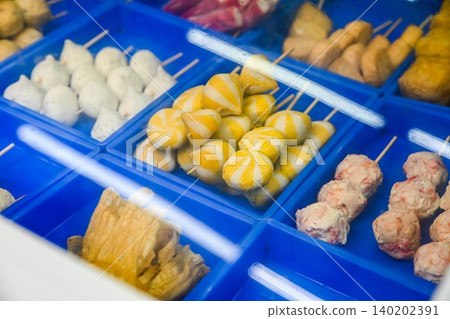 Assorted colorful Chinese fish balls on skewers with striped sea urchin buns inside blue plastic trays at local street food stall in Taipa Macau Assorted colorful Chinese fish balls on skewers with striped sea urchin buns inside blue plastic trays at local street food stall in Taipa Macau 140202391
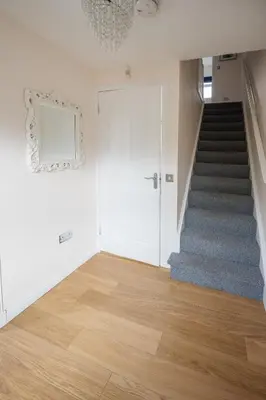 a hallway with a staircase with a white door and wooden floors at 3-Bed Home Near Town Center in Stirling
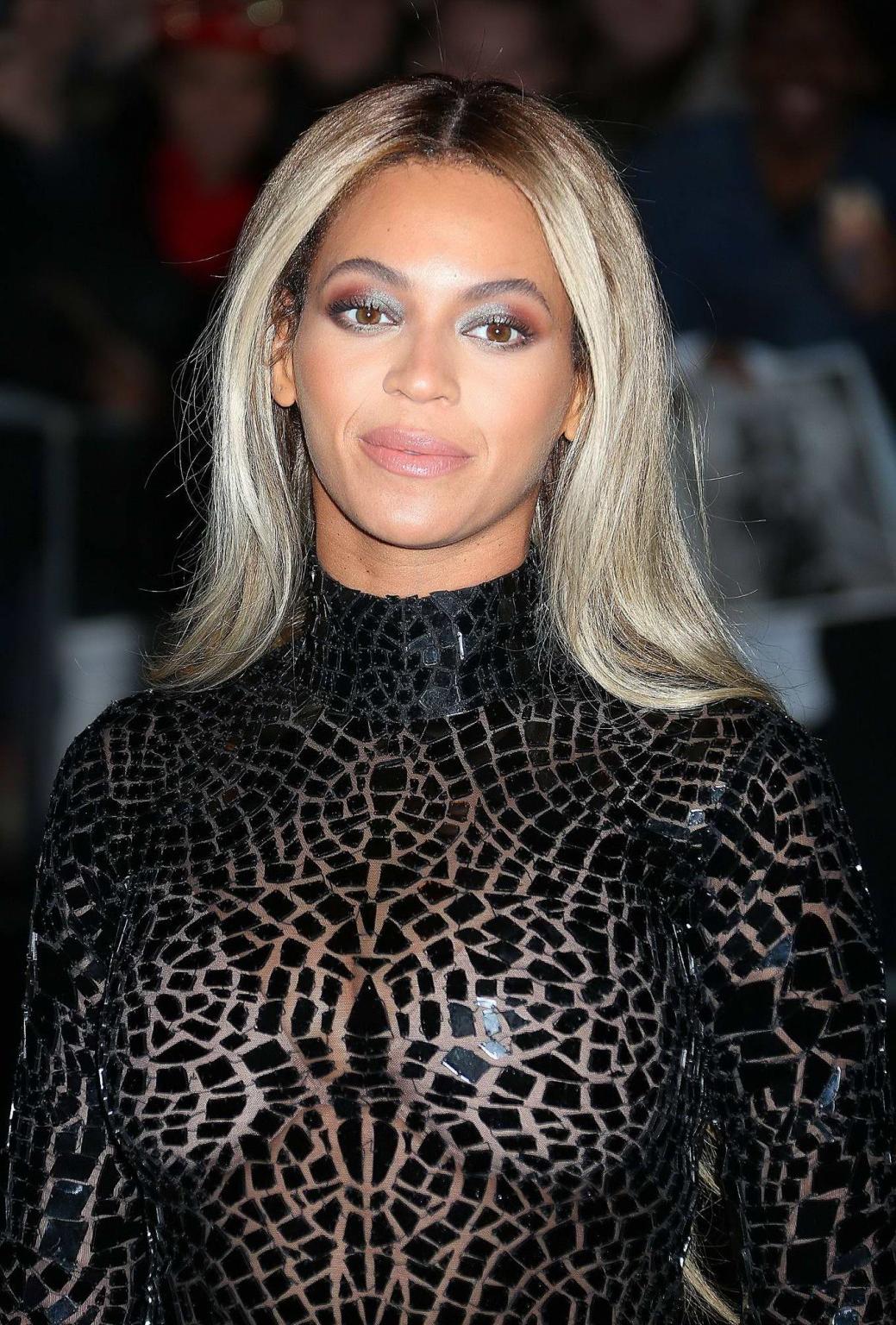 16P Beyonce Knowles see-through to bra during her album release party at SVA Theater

· · ·

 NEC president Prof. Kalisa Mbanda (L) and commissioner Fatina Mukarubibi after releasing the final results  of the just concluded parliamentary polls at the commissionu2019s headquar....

· · ·

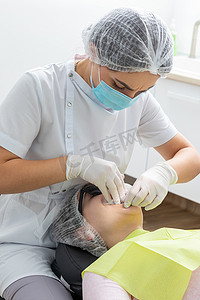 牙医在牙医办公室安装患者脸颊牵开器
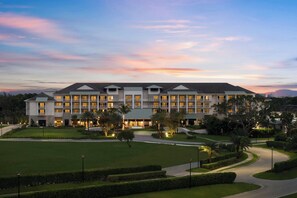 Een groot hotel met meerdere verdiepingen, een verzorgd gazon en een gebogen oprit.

· · ·

- **WHAT YOU WILL DO**: Quote the data above exactly from the line with "Taipa Macau 140202391" to the line with "16P Beyonce Knowles", both ends counted, and nothing else. Pictures don't go in.

- **ANSWER FOR THE TASK**:
 Assorted colorful Chinese fish balls on skewers with striped sea urchin buns inside blue plastic trays at local street food stall in Taipa Macau Assorted colorful Chinese fish balls on skewers with striped sea urchin buns inside blue plastic trays at local street food stall in Taipa Macau 140202391
 a hallway with a staircase with a white door and wooden floors at 3-Bed Home Near Town Center in Stirling
 16P Beyonce Knowles see-through to bra during her album release party at SVA Theater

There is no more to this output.